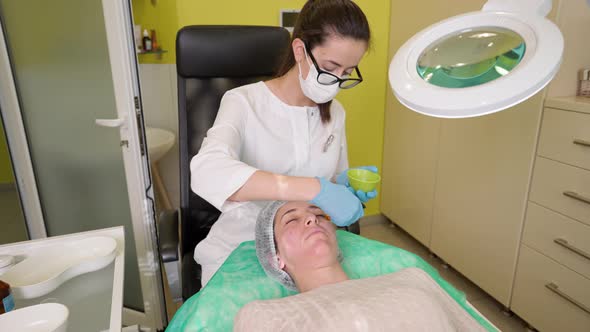 Woman Relaxing During Citric Acid Peeling Procedure in Beauty Salon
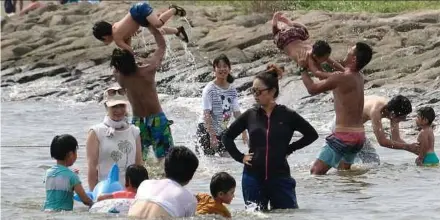  ?? PIC AFP ?? Families playing in the water at a seaside park in Tokyo as temperatur­es neared 40°C yesterday.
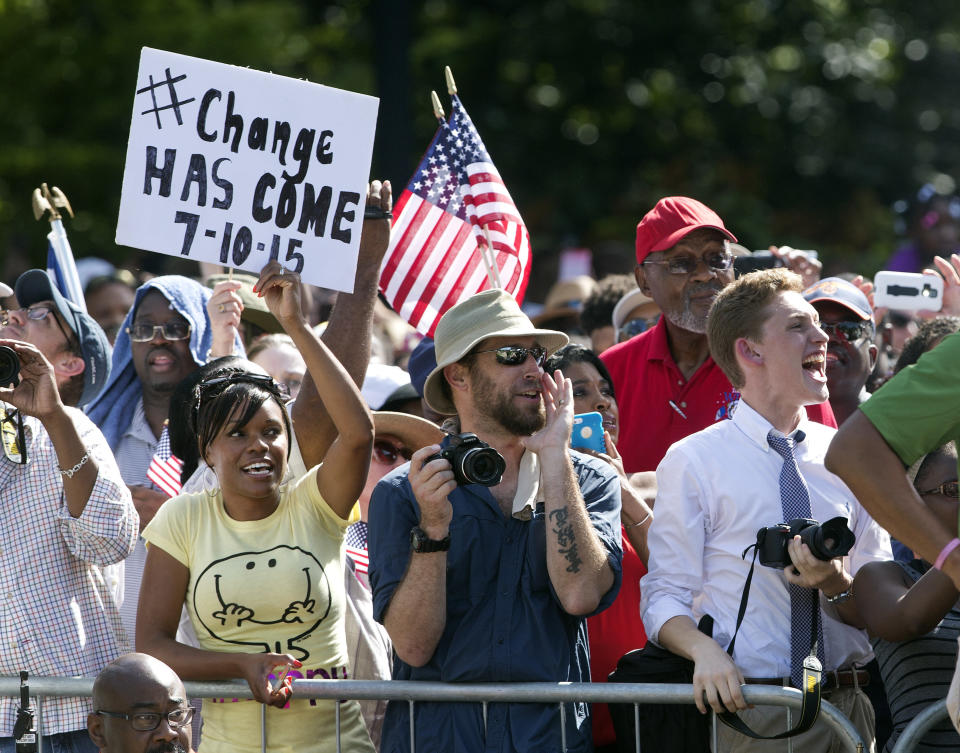 People cheer as an honor guard from the South Carolina Highway patrol removes the Confederate battle flag from the Capitol grounds Friday, July 10, 2015, in Columbia, S.C. 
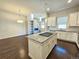 Open concept kitchen with an island and hardwood floors at 6435 E Cedar Ave, Denver, CO 80224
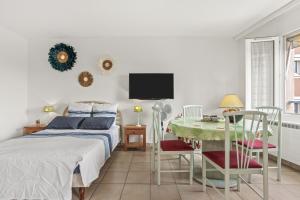 una camera da letto con un letto, un tavolo e una TV di Appartement deux pas de la Mer a Fréjus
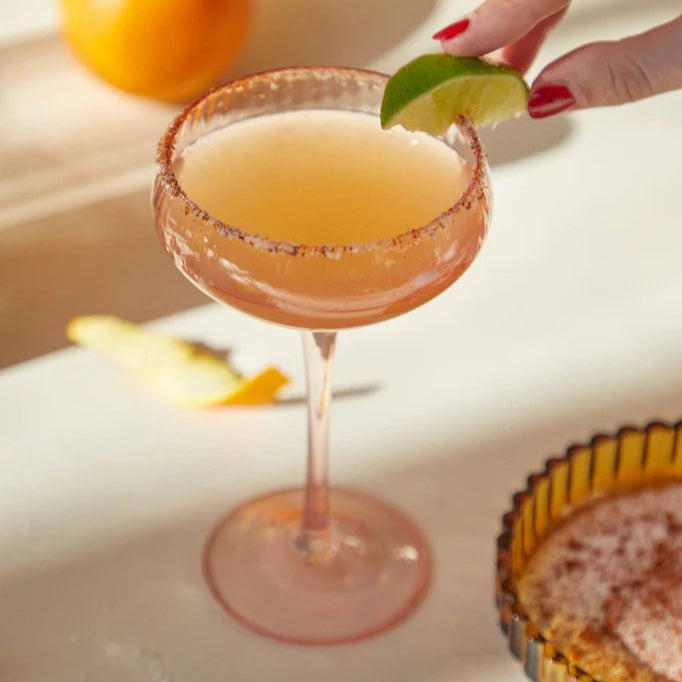 Cocktail with a lime wedge on a white surface with an orange and lemon in the background.
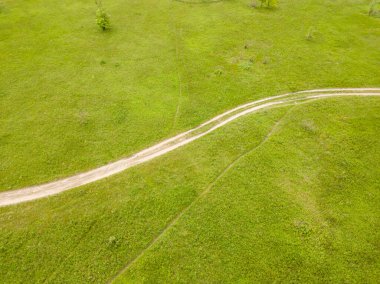 Hava aracı görüntüsü. Yeşil bir çayırda kirli bir yol.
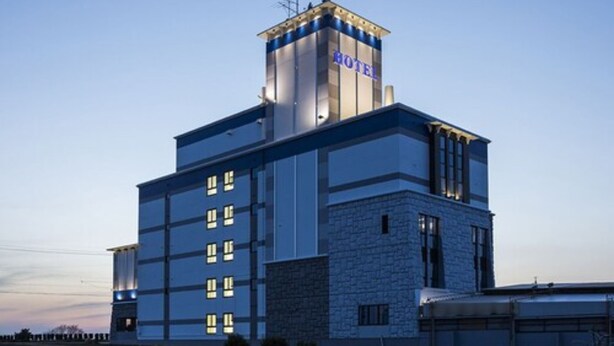 A modern hotel with a prominent tower labeled "HOTEL" and multiple windows. - NOA HOTEL Toyotaminami - Adults Only (Anjo)
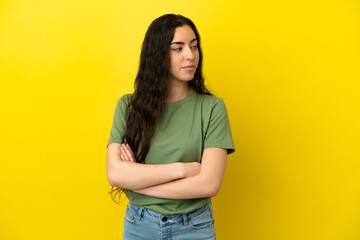 Young caucasian woman isolated on yellow background keeping the arms crossed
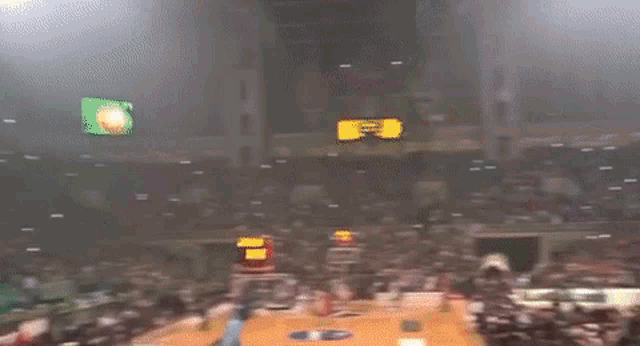 a crowd of people in a stadium with smoke coming out of the stands and a sign that says ' a '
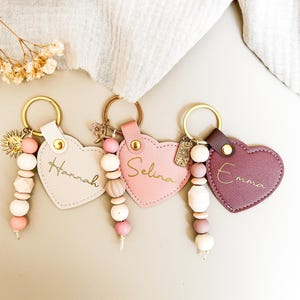 Könnte beinhalten: Drei herzförmige Schlüsselanhänger in Hellrosa, Rosa und Lila. Jeder Schlüsselanhänger hat einen goldenen Ring, einen Perlenquasten und einen Namen in goldener Schrift: Hannah, Selina und Emma. Ein Sonnenanhänger hängt am ersten Schlüsselanhänger.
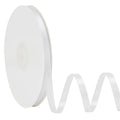 White satin ribbon on a spool with a wavy tail against a white background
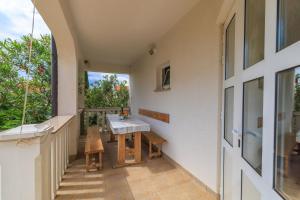 a small balcony with a table and bench on it at Apartments Mirela in Karlobag
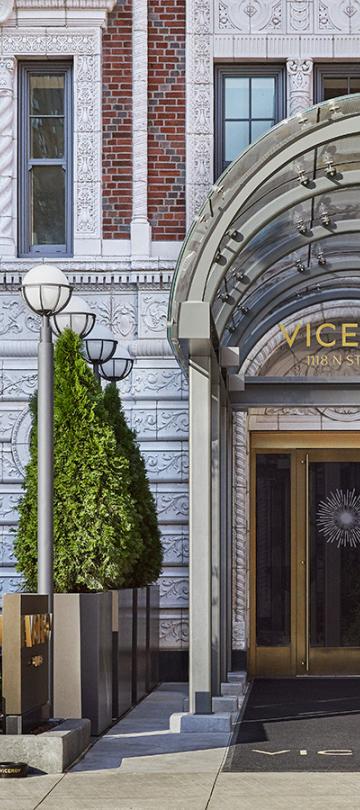 La entrada del hotel « Viceroy » cuenta con un porche acristalado con letras doradas y un diseño de rayos de sol en el cristal.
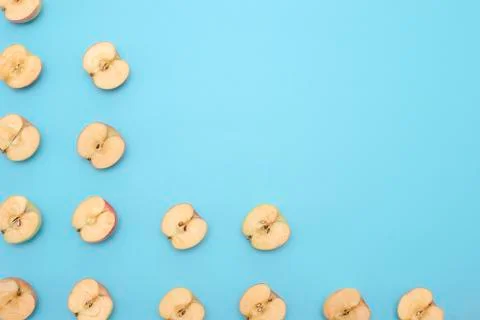 Background of cut in half apples on blue background Stock Photos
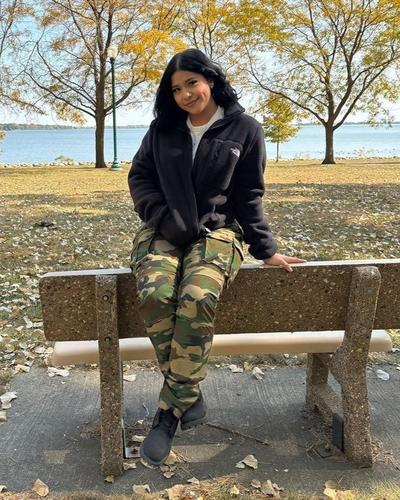 Women modeling Timberland Boots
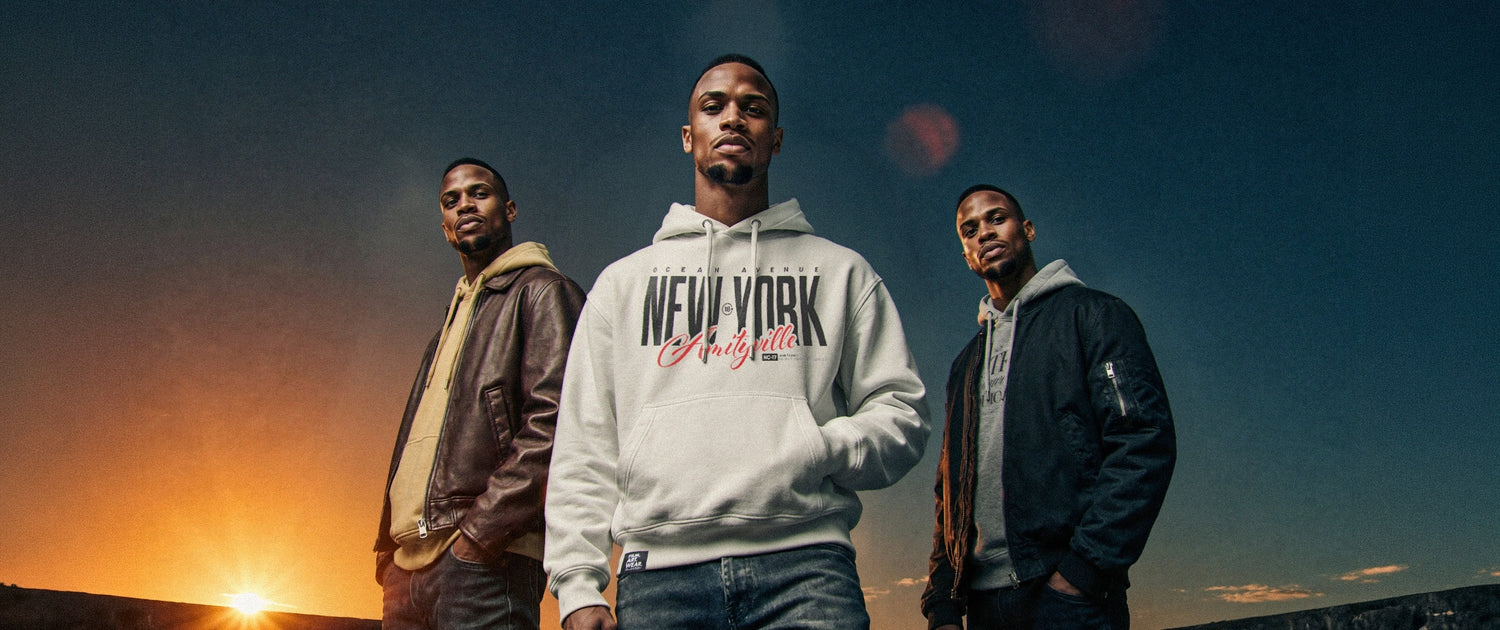 Organic Hoodie 'AMITYVILLE NY' – Drei Männer im cinematischen Sonnenuntergang-Setting, zentrale Figur trägt grauen Oversize Hoodie mit großflächigem Frontprint 'New York Amityville'. Dramatische Stimmung, filmisches Licht. Premium Cinematic Streetwear. Film Art Wear – Designed in Hamburg.
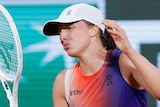 Tennis player Iga Swiatek pulls an upset face as she throws her hands and racquet up after a rally at the French Open.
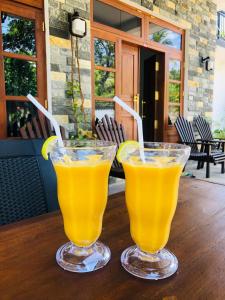 two glasses of orange juice sitting on a wooden table at Simplex Sea Place in Tangalle +35 photos
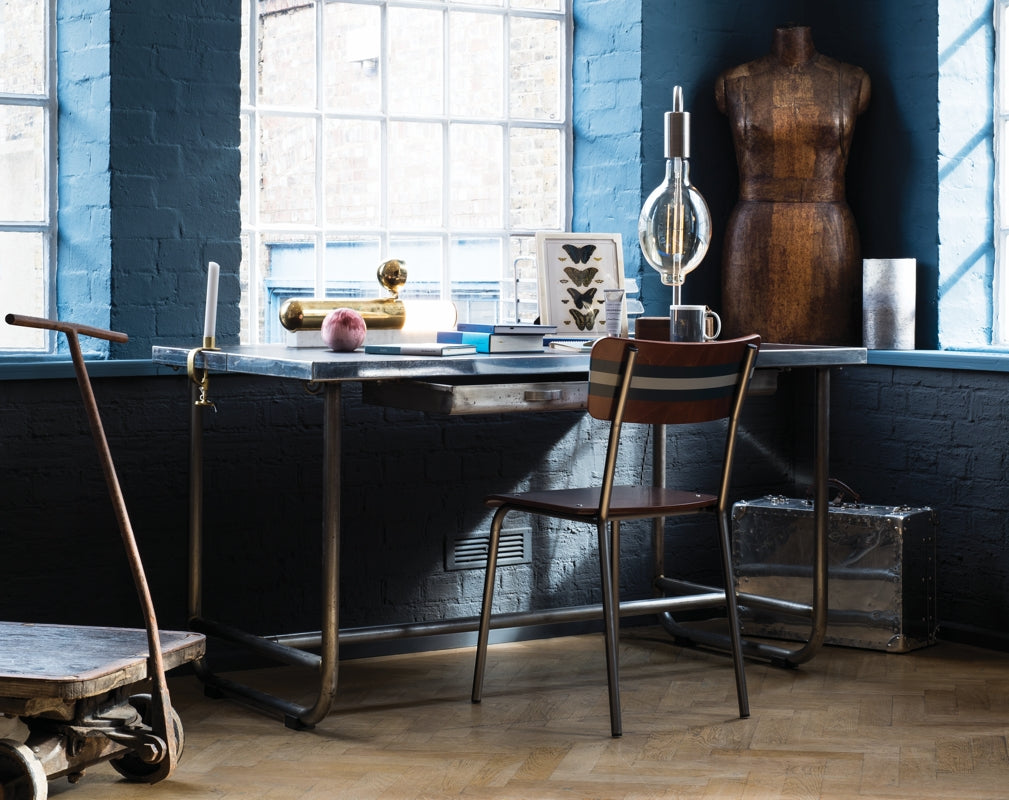 A classic school chair by Scott & Taylor featured in the Warehouse Home Apartment's home office. Photograph by David Cleveland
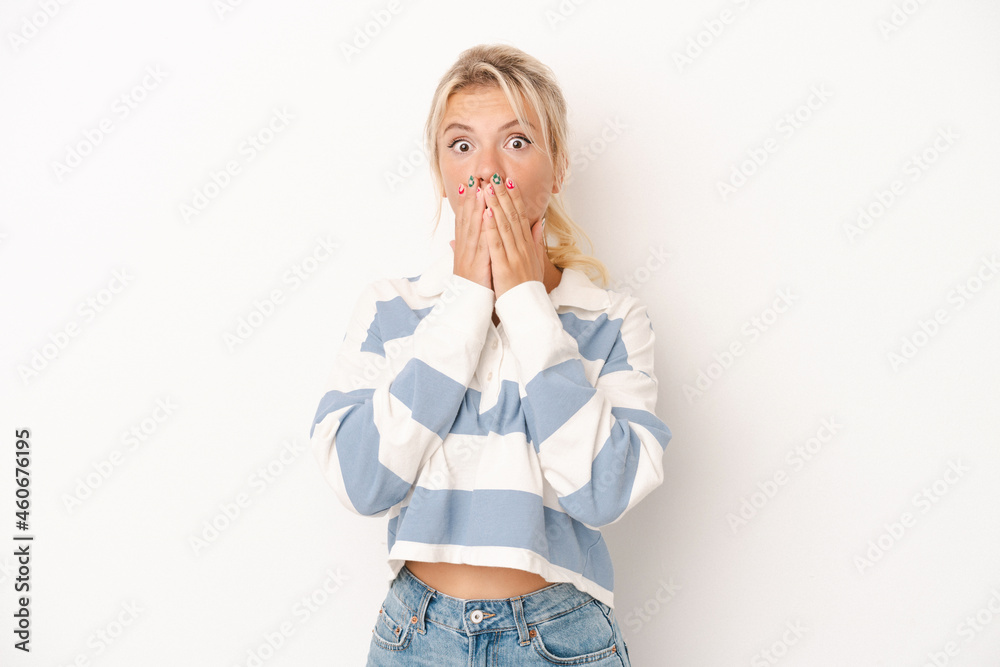 Young Russian woman isolated on white background shocked covering mouth with hands. Young Russian woman isolated on white background shocked covering mouth with hands.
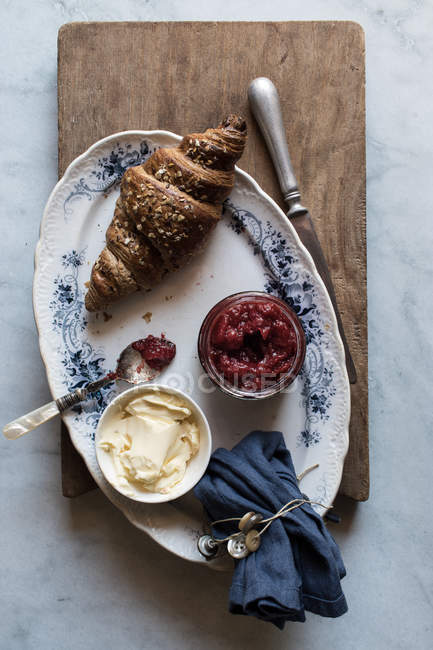 Knusprige Croissants mit Butter und Erdbeermarmelade auf Teller auf Holzbrett serviert — Stockfoto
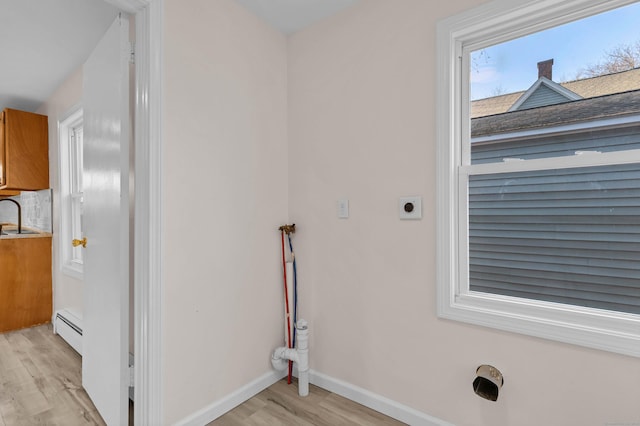 laundry area with sink, light wood-type flooring, electric dryer hookup, and a baseboard heating unit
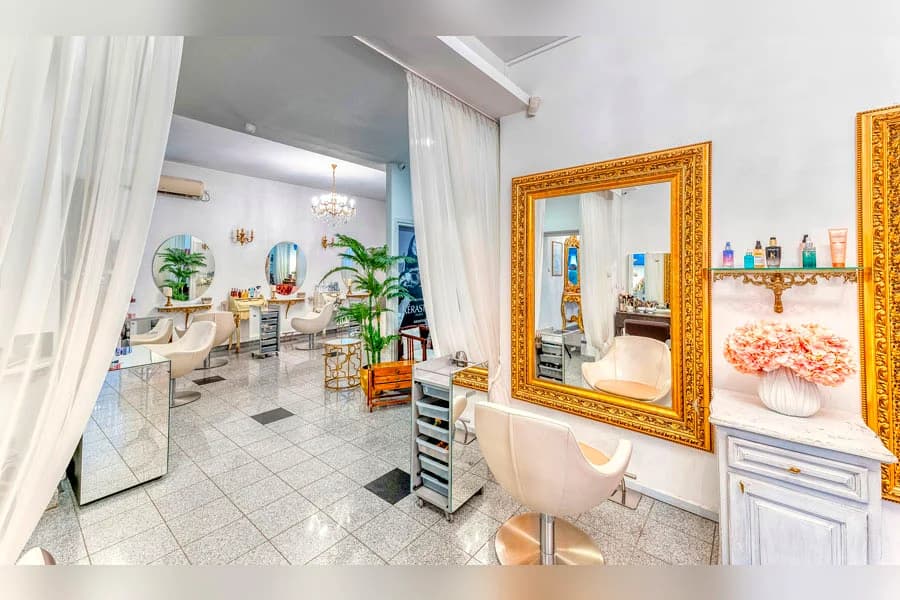 Sala salona sa belim stolicama i zlatnim ogledalom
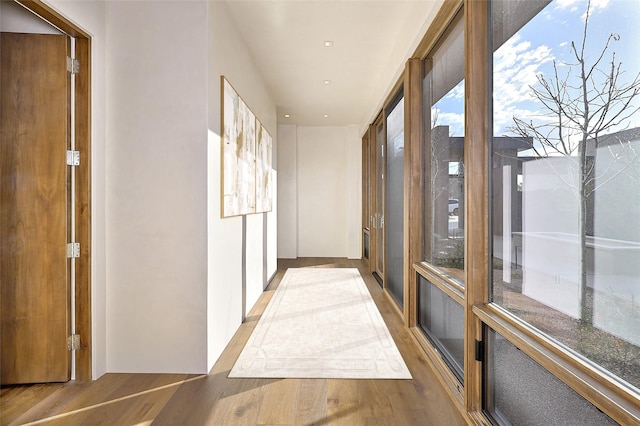 corridor with light wood-type flooring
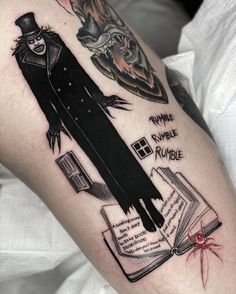 a man's arm with an image of a book and a clown on it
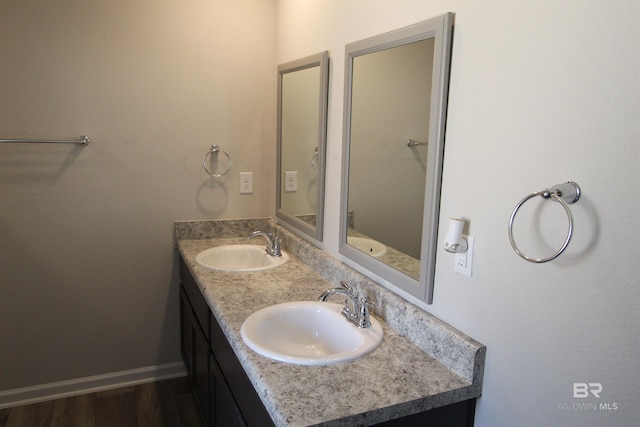 bathroom featuring vanity and hardwood / wood-style floors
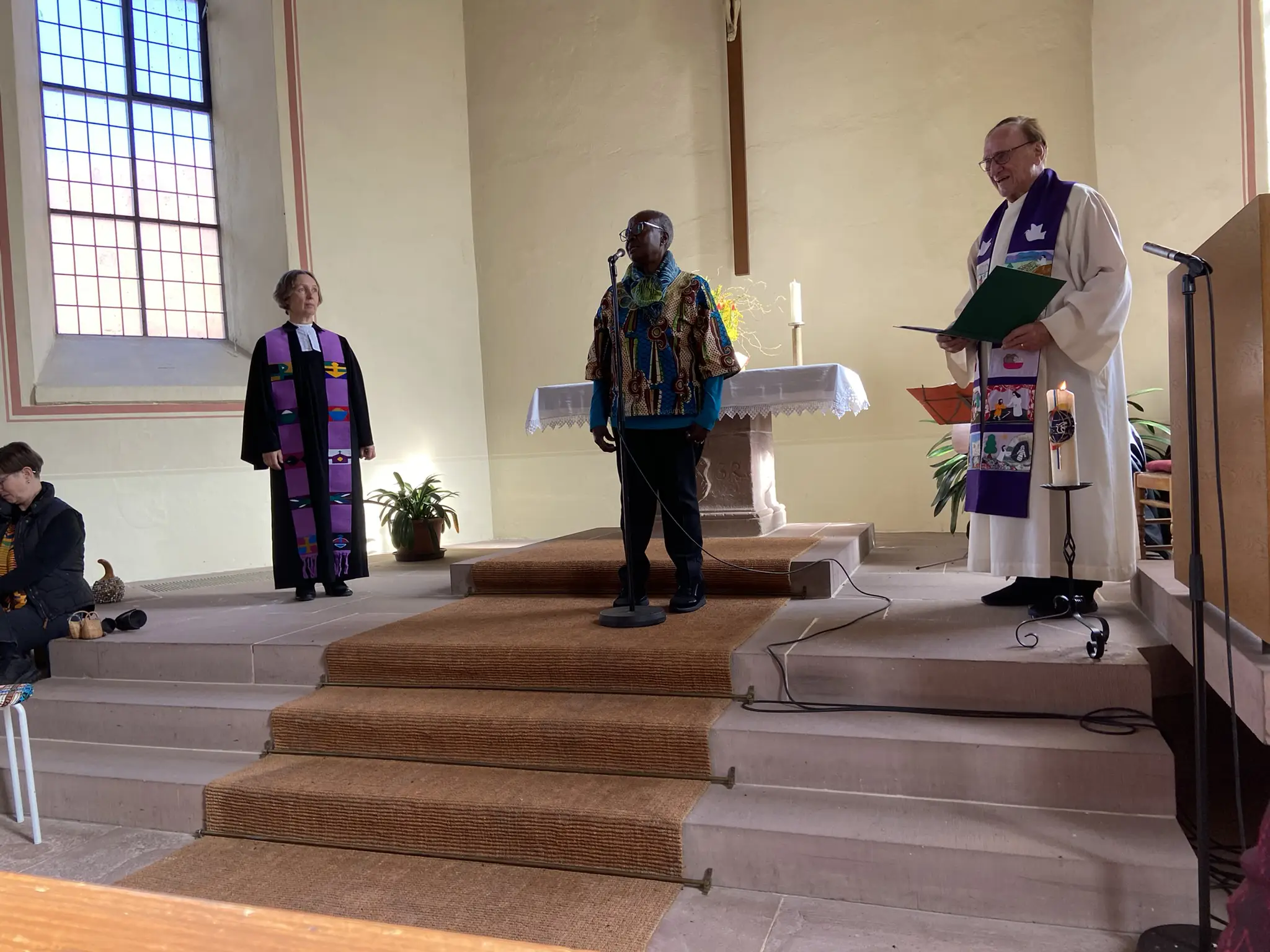 Asuna Schneider erzählt vor dem Altar zwischen den Pfarrern Willy Schneider und Marco Rückert.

**********

Action item: Print the full listing above again with exact wording and no images.

Answer section:
 Woman Relaxing During Citric Acid Peeling Procedure in Beauty Salon
  ?? PIC AFP ?? Families playing in the water at a seaside park in Tokyo as temperatur­es neared 40°C yesterday.
 People cheer as an honor guard from the South Carolina Highway patrol removes the Confederate battle flag from the Capitol grounds Friday, July 10, 2015, in Columbia, S.C. 
 Open concept kitchen with an island and hardwood floors at 6435 E Cedar Ave, Denver, CO 80224
 una camera da letto con un letto, un tavolo e una TV di Appartement deux pas de la Mer a Fréjus
 Cocktail with a lime wedge on a white surface with an orange and lemon in the background.
 Hava aracı görüntüsü. Yeşil bir çayırda kirli bir yol.
 A modern hotel with a prominent tower labeled "HOTEL" and multiple windows. - NOA HOTEL Toyotaminami - Adults Only (Anjo)
 Young caucasian woman isolated on yellow background keeping the arms crossed
 a crowd of people in a stadium with smoke coming out of the stands and a sign that says ' a '
 Könnte beinhalten: Drei herzförmige Schlüsselanhänger in Hellrosa, Rosa und Lila. Jeder Schlüsselanhänger hat einen goldenen Ring, einen Perlenquasten und einen Namen in goldener Schrift: Hannah, Selina und Emma. Ein Sonnenanhänger hängt am ersten Schlüsselanhänger.
 White satin ribbon on a spool with a wavy tail against a white background
 a small balcony with a table and bench on it at Apartments Mirela in Karlobag
 La entrada del hotel « Viceroy » cuenta con un porche acristalado con letras doradas y un diseño de rayos de sol en el cristal.
 Background of cut in half apples on blue background Stock Photos
 Women modeling Timberland Boots
 Organic Hoodie 'AMITYVILLE NY' – Drei Männer im cinematischen Sonnenuntergang-Setting, zentrale Figur trägt grauen Oversize Hoodie mit großflächigem Frontprint 'New York Amityville'. Dramatische Stimmung, filmisches Licht. Premium Cinematic Streetwear. Film Art Wear – Designed in Hamburg.
 Tennis player Iga Swiatek pulls an upset face as she throws her hands and racquet up after a rally at the French Open.
 two glasses of orange juice sitting on a wooden table at Simplex Sea Place in Tangalle +35 photos
 A classic school chair by Scott & Taylor featured in the Warehouse Home Apartment's home office. Photograph by David Cleveland
 Young Russian woman isolated on white background shocked covering mouth with hands. Young Russian woman isolated on white background shocked covering mouth with hands.
 Knusprige Croissants mit Butter und Erdbeermarmelade auf Teller auf Holzbrett serviert — Stockfoto
 laundry area with sink, light wood-type flooring, electric dryer hookup, and a baseboard heating unit
 Sala salona sa belim stolicama i zlatnim ogledalom
 corridor with light wood-type flooring
 a man's arm with an image of a book and a clown on it
 bathroom featuring vanity and hardwood / wood-style floors
 Asuna Schneider erzählt vor dem Altar zwischen den Pfarrern Willy Schneider und Marco Rückert.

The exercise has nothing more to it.